▸ The problem: Word for word, repeat everything in the records below except the pictures.
BEGIN Exercise materials
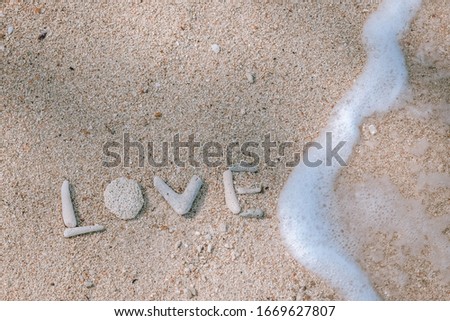 Alphabet "LOVE" by coral fragments on sand and wave in summer season love sea concept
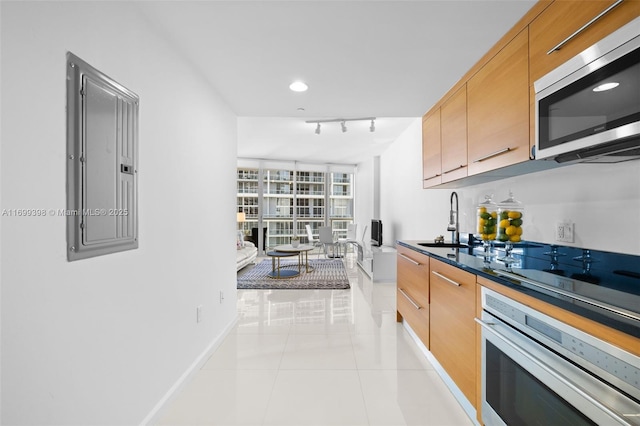 kitchen with sink, electric panel, light tile patterned flooring, track lighting, and appliances with stainless steel finishes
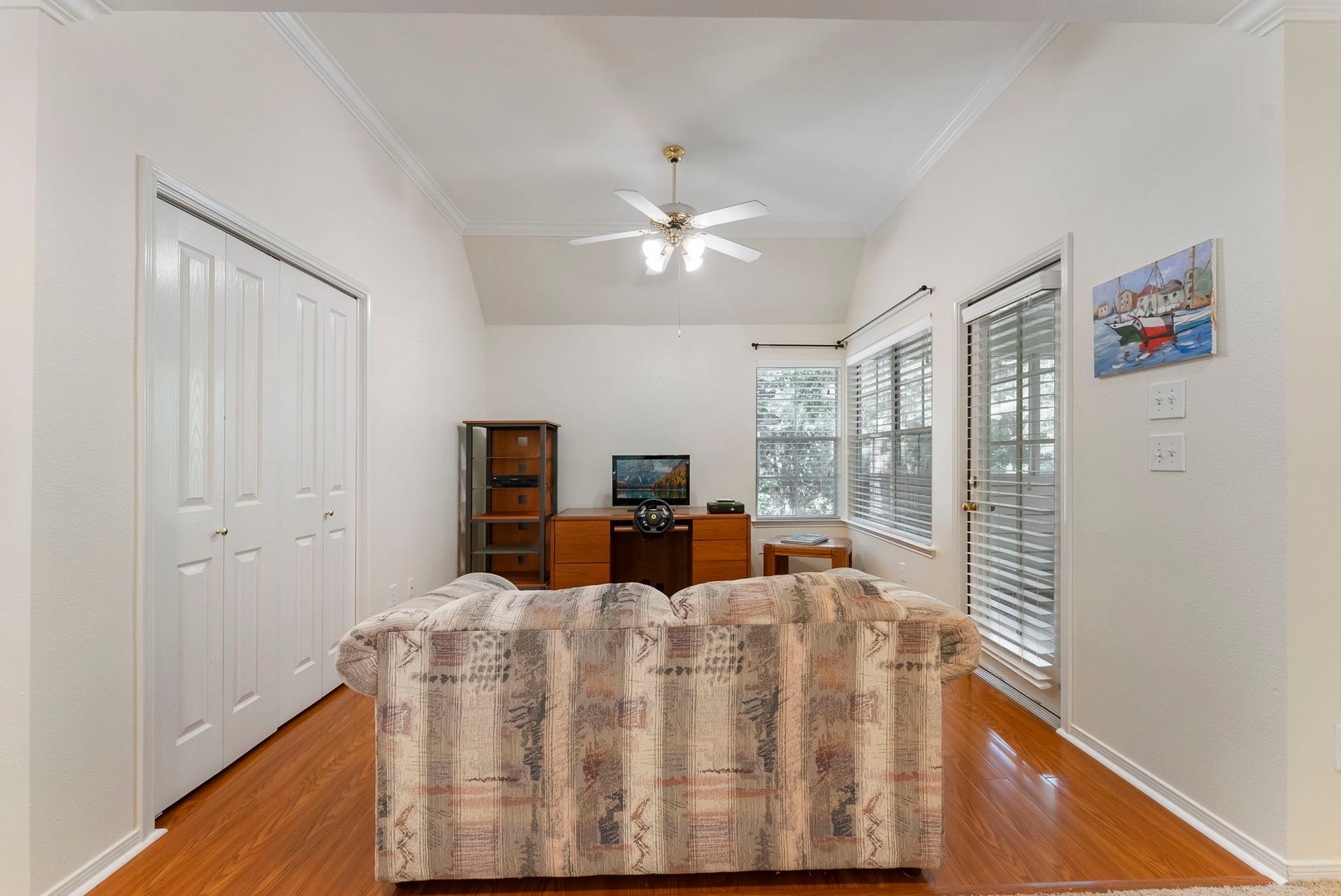 74 E Greywing Circle, The Woodlands, TX 77382 This is the upstairs gameroom----------the door to the right opens to the screened in porch.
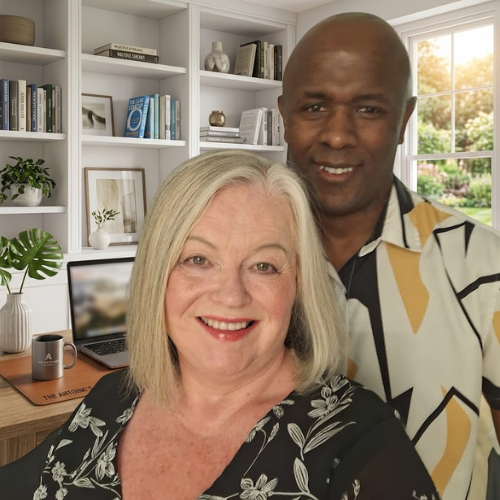 A smiling mature woman with shoulder-length blonde hair and a floral top, standing in front of a smiling Black man in a patterned shirt. They are positioned in a bright, modern home office setting with a bookshelf, a desk featuring a laptop and a mug with branding, and a window showing greenery in the background.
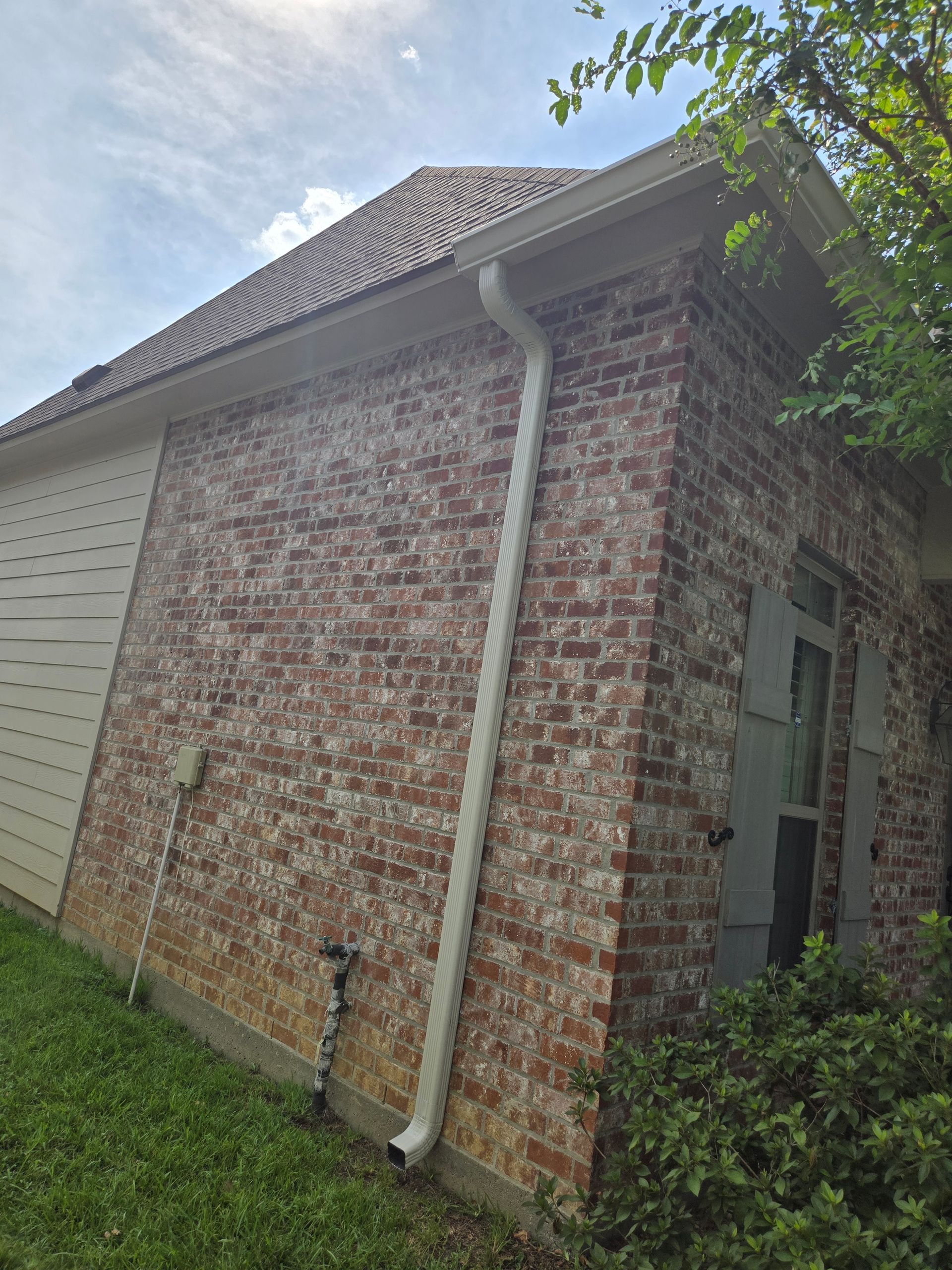 Brick house exterior with white gutter, gray roof, and white siding in sunlight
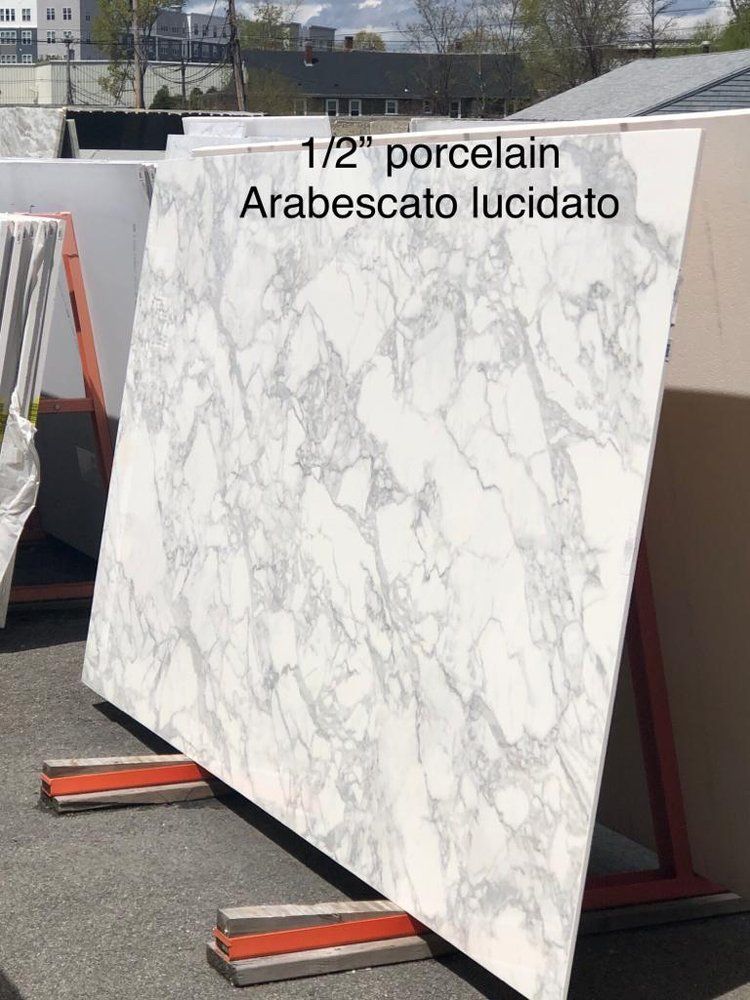 A large white marble slab is sitting on a stand.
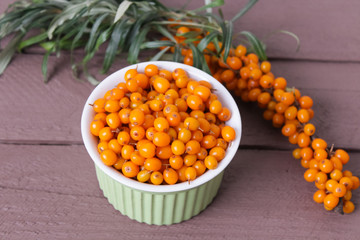 ripe sea buckthorn on a wooden background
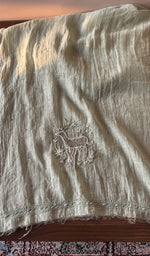 The sage green kurta, spread out flat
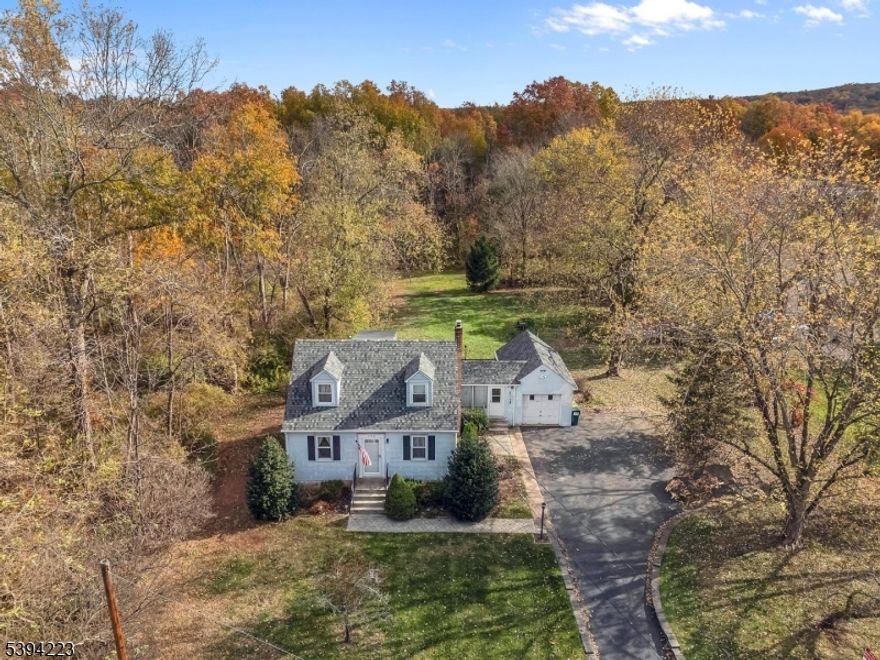 Bring Your Vision to This Classic 4-Bed, 2-Bath Home!  First time on the market in nearly 60 years! This well-loved home is ready for its next chapter and offers tremendous potential for the right buyer. The first floor features an eat-in kitchen with access to the deck, a comfortable living room, two bedrooms, and a full bath. A breezeway conveniently connects the home to the attached garage. Upstairs, you'll find two additional bedrooms and another full bath. The basement provides generous storage space along with a sump pump and oil tank. With its solid layout and inviting setting, this diamond in the rough is a wonderful opportunity to create the home of your dreams.Washer, dryer, refrig, and dishwasher included - Septic size and age is unknown.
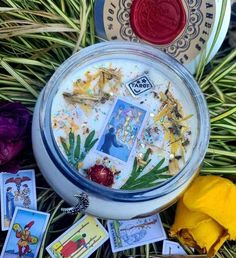 a candle surrounded by cards and flowers on the ground next to some other items that have been placed around it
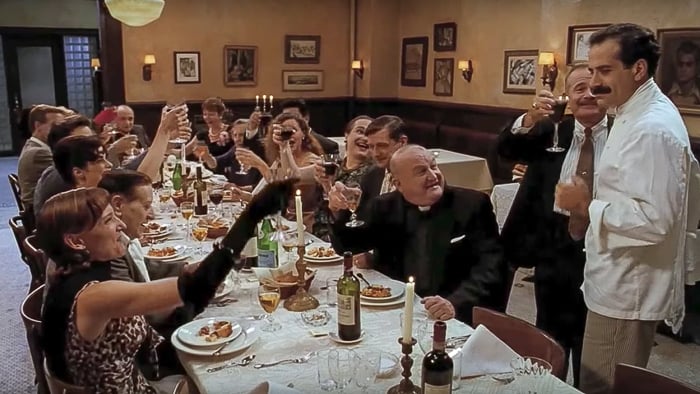 Last scene of the movie big night at the big long table and toast of wine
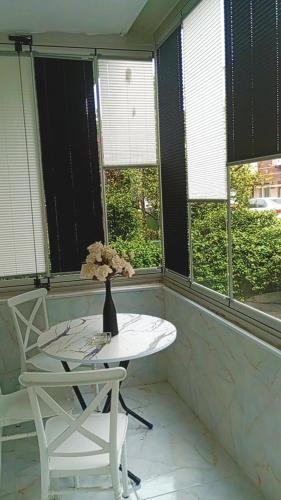 a white table and chairs in a room with windows at Kiralık daire in Yalova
END Exercise materials
▸ Answer for the task:
 Alphabet "LOVE" by coral fragments on sand and wave in summer season love sea concept
 kitchen with sink, electric panel, light tile patterned flooring, track lighting, and appliances with stainless steel finishes
 74 E Greywing Circle, The Woodlands, TX 77382 This is the upstairs gameroom----------the door to the right opens to the screened in porch.
 A smiling mature woman with shoulder-length blonde hair and a floral top, standing in front of a smiling Black man in a patterned shirt. They are positioned in a bright, modern home office setting with a bookshelf, a desk featuring a laptop and a mug with branding, and a window showing greenery in the background.
 Brick house exterior with white gutter, gray roof, and white siding in sunlight
 A large white marble slab is sitting on a stand.
 ripe sea buckthorn on a wooden background
 The sage green kurta, spread out flat
 Bring Your Vision to This Classic 4-Bed, 2-Bath Home!  First time on the market in nearly 60 years! This well-loved home is ready for its next chapter and offers tremendous potential for the right buyer. The first floor features an eat-in kitchen with access to the deck, a comfortable living room, two bedrooms, and a full bath. A breezeway conveniently connects the home to the attached garage. Upstairs, you'll find two additional bedrooms and another full bath. The basement provides generous storage space along with a sump pump and oil tank. With its solid layout and inviting setting, this diamond in the rough is a wonderful opportunity to create the home of your dreams.Washer, dryer, refrig, and dishwasher included - Septic size and age is unknown.
 a candle surrounded by cards and flowers on the ground next to some other items that have been placed around it
 Last scene of the movie big night at the big long table and toast of wine
 a white table and chairs in a room with windows at Kiralık daire in Yalova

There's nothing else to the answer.